Онлайн чтение книги Антихрист (Петр и Алексей)
II

Дело о еретиках разбиралось в новоучрежденном Св. Синоде.

По приговору суда, беглого казака Аверьянку Беспалого и родную сестру его, Акулину, колесовали. Остальных били плетьми, рвали им ноздри, мужчин сослали на каторгу, баб – на прядильные дворы и в монастырские тюрьмы.

Тихона, который едва не умер от раны в острожной больнице, спас прежний покровитель, генерал Яков Вилимович Брюс. Он взял его к себе в дом, вылечил и ходатайствовал за него у Новгородского архиерея, Феофана Прокоповича. Феофан принял участие в Тихоне, желая показать на нем пастырское милосердие к заблудшим овцам, которое всегда проповедовал: «С противниками церкви поступать надлежит с кротостью и разумом, а не так, как ныне, жестокими словами и отчуждением». Хотел также, чтобы отречение Тихона от ереси и принятие его в лоно православной церкви послужили примером для прочих еретиков и раскольников.

Феофан избавил его от плетей и от ссылки, взял к себе на покаяние и увез в Петербург.

В Петербурге архиерейское подворье находилось на Аптекарском острове, на речке Карповке, среди густого леса. В нижнем жилье дома помещалась библиотека. Заметив любовь Тихона к книгам, Феофан поручил ему привести в порядок библиотеку. Окна ее, выходившие прямо в лес, часто бывали открыты, потому что стояли жаркие летние дни, и тишина леса сливалась с тишиною книгохранилища, шелест листьев – с шелестом страниц. Слышался стук дятла, кукованье кукушки. Видно было, как на лесную прогалину выходит чета круторогих лосей, которых пригнали сюда с Петровского, тогда еще совсем дикого, острова. Зеленоватый сумрак наполнял комнату. Было свежо и уютно. Тихон проводил здесь целые дни, роясь в книгах. Ему казалось, что он вернулся в библиотеку Якова Брюса и что все эти четыре года скитаний – только сон.

Феофан был к нему добр. Не торопил возвращением в лоно православной церкви, только указал для прочтения, за недостатком русского катехизиса, на нескольких немецких богословов и на досуге беседовал с ним о прочитанном, исправляя ошибки протестантов, согласно с учением церкви греко-российской. В остальное время давал ему свободу заниматься чем угодно.

Тихон опять принялся за математику. В холоде разума отдыхал он от огня безумия, от бреда Красной и Белой смерти.

Перечитывал также философов – Декарта, Лейбница, Спинозу. Вспоминал слова пастора Глюка: «Истинная философия, если отведать ее слегка, уводит от Бога; если же глубоко зачерпнуть, приводит к Нему».

Бог для Декарта был Первый Двигатель первой материи. Вселенная – машина. Ни любви, ни тайны, ни жизни – ничего, кроме разума, который отражается во всех мирах, как свет в прозрачных ледяных кристаллах. Тихону было страшно от этого мертвого Бога.

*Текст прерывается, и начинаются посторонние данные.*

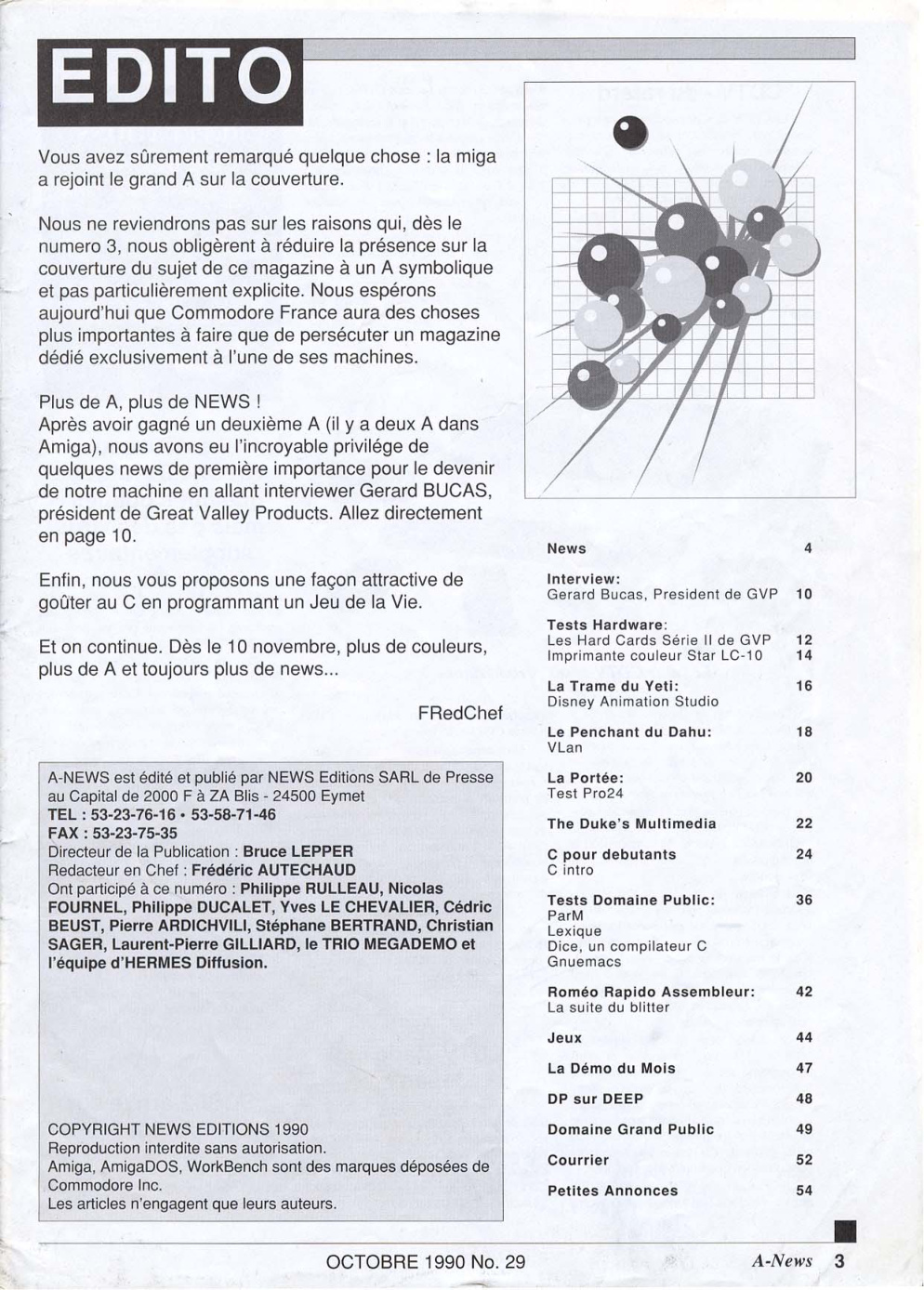 Aperçu de la page 3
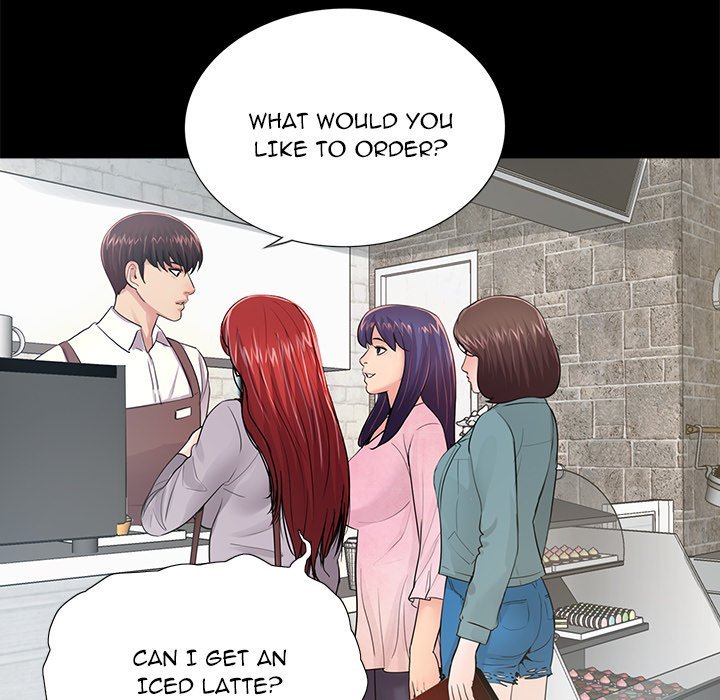 Page 128 of Chapter 4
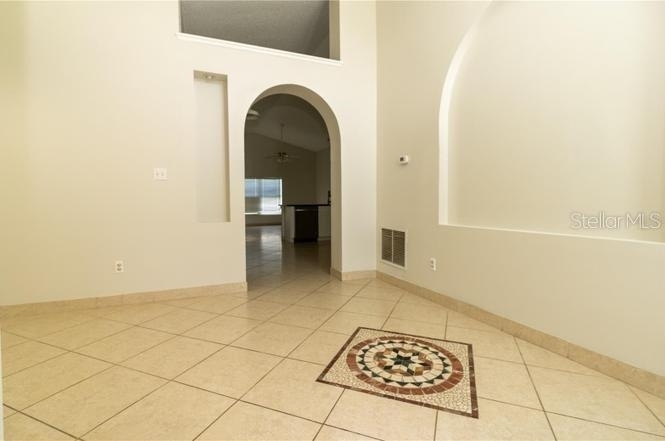 11547 Grazeley Court - Photo 1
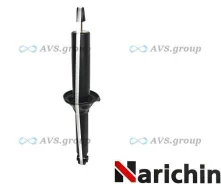 ������ ������ �������� ����� / ������. Narichin NAH-1074 / 341261 52611S10024 52611S10A01 NAH1074 ����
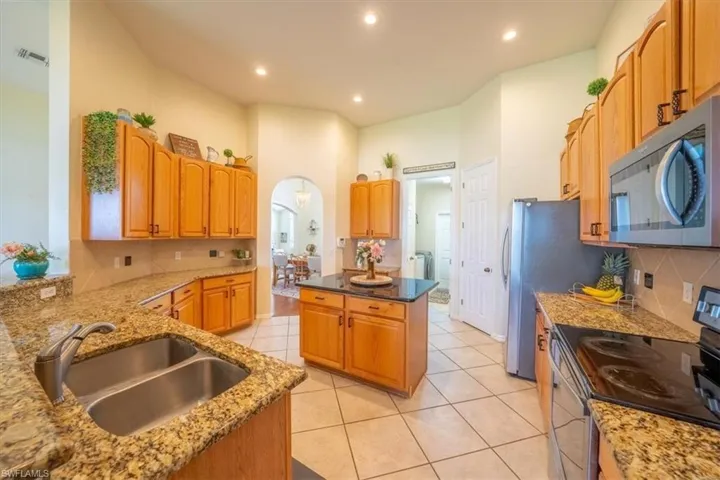 17480  Sterling Lake  DR, Fort Myers, FL 33967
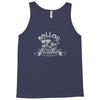 magic mushrooms best trending Tank Top
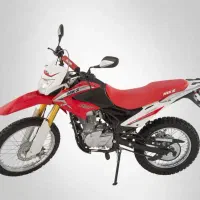 mkz200  تریل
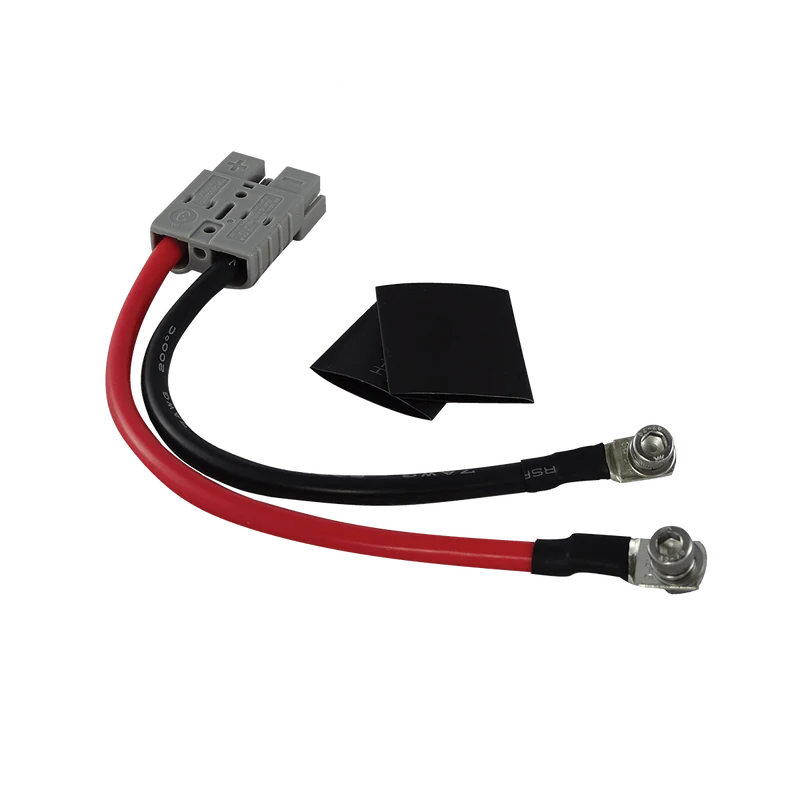 Batterie 12V 5Ah BM12005 lösen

«Природа полна жизни, – утверждал Лейбниц в своей „Монадологии“. – Я докажу, что причина всякого движения – дух, а дух – живая монада, которая состоит из идей, как центр из углов». Монады соединены предустановленной Богом гармонией в единое целое. «Мир – Божьи часы, horologium Dei». Опять, вместо жизни – машина, вместо Бога – механика, – подумал Тихон, и опять ему стало страшно.

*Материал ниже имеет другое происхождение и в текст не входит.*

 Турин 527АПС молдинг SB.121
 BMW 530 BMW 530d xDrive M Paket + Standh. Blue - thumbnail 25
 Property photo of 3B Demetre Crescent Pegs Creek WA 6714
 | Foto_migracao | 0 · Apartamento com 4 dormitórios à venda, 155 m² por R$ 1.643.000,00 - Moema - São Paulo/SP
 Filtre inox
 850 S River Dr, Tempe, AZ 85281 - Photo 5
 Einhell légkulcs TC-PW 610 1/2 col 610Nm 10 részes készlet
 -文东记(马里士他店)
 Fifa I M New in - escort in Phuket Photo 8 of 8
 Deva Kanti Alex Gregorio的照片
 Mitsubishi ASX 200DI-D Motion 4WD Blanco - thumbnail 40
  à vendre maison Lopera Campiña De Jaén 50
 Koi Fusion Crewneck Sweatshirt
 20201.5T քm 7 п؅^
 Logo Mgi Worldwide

Но всех страшнее, потому что всех яснее, был Спиноза. Он договаривал то, что другие не смели сказать. «Утверждать воплощение Бога в человеке – так же нелепо, как утверждать, что круг принял природу треугольника, или квадрата. Слово стало плотью – восточный оборот речи, который не может иметь никакого значения для разума. Христианство отличается от других исповеданий не верою, не любовью, не какими-либо иными дарами Духа Святого, а лишь тем, что своим основанием делает чудо, то есть невежество, которое есть источник всякого зла, и таким образом, самую веру превращает в суеверие». Спиноза обнаружил тайную мысль всех новых философов: или со Христом – против разума; или с разумом – против Христа.

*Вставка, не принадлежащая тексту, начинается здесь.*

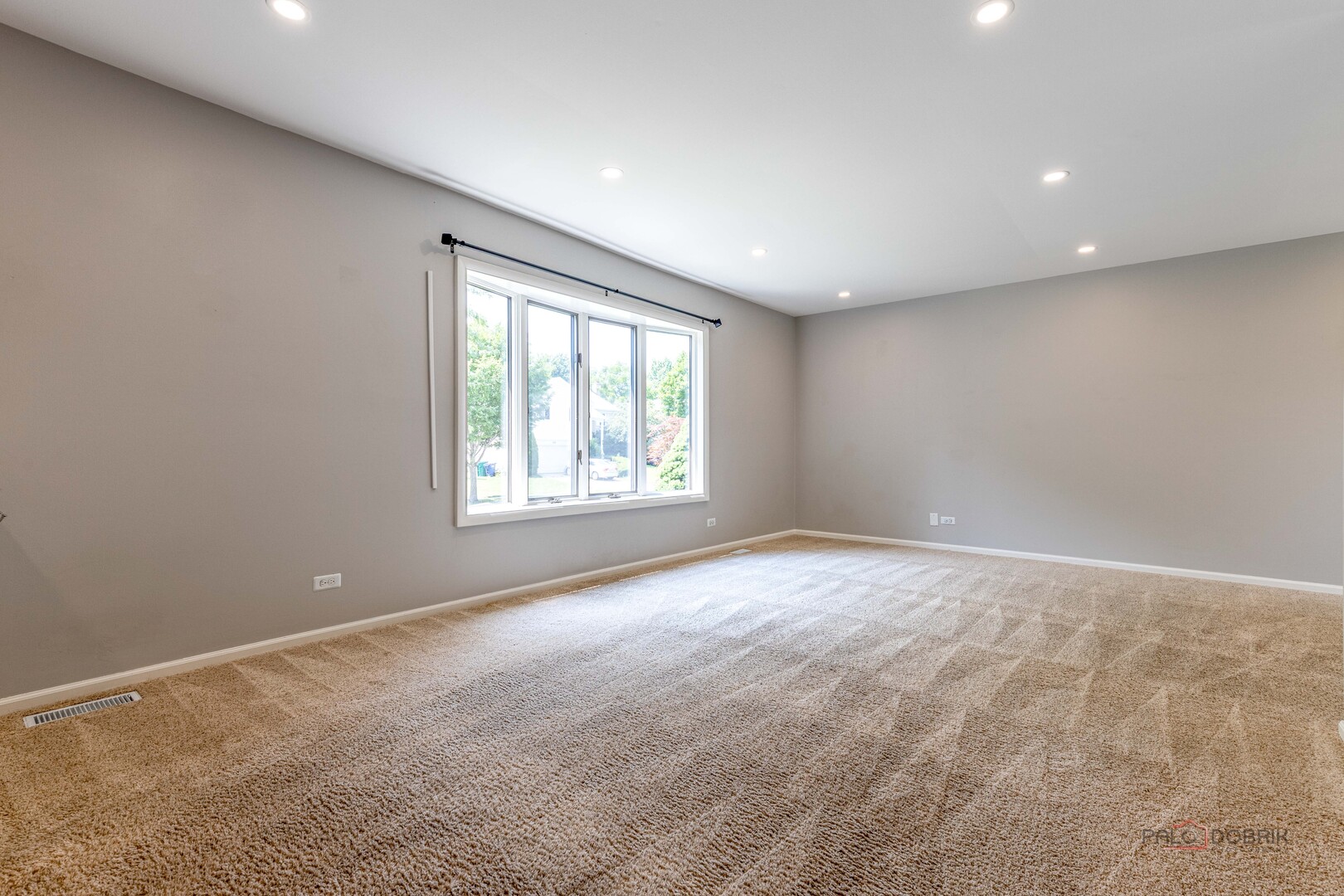 45 Monterey Drive Property Photo 13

Однажды Тихон заговорил о Спинозе с Феофаном.

– Оной философии основание глупейшее показуется, – объявил архиерей с презрительной усмешкою, – понеже Спиноза свои умствования из единых скаредных контрадикций [65]возражения, противоречия (лат. contradictio) сплел и только словами прелестными и чвановатыми ту свою глупость покрыл…

Тихона эти ругательства не убедили и не успокоили.

Не нашел он помощи и в сочинениях иностранных богословов, которые опровергали всех древних и новых философов с такою же легкостью, как русский архиерей Спинозу.

Иногда Феофан давал Тихону переписывать бумаги по делам Св. Синода. В присяге Духовного Регламента его поразили слова: «Исповедую с клятвою крайнего Судию духовные сея коллегии быти Самого Всероссийского Монарха, Государя нашего Всемилостивейшего». Государь – глава церкви; государь – вместо Христа.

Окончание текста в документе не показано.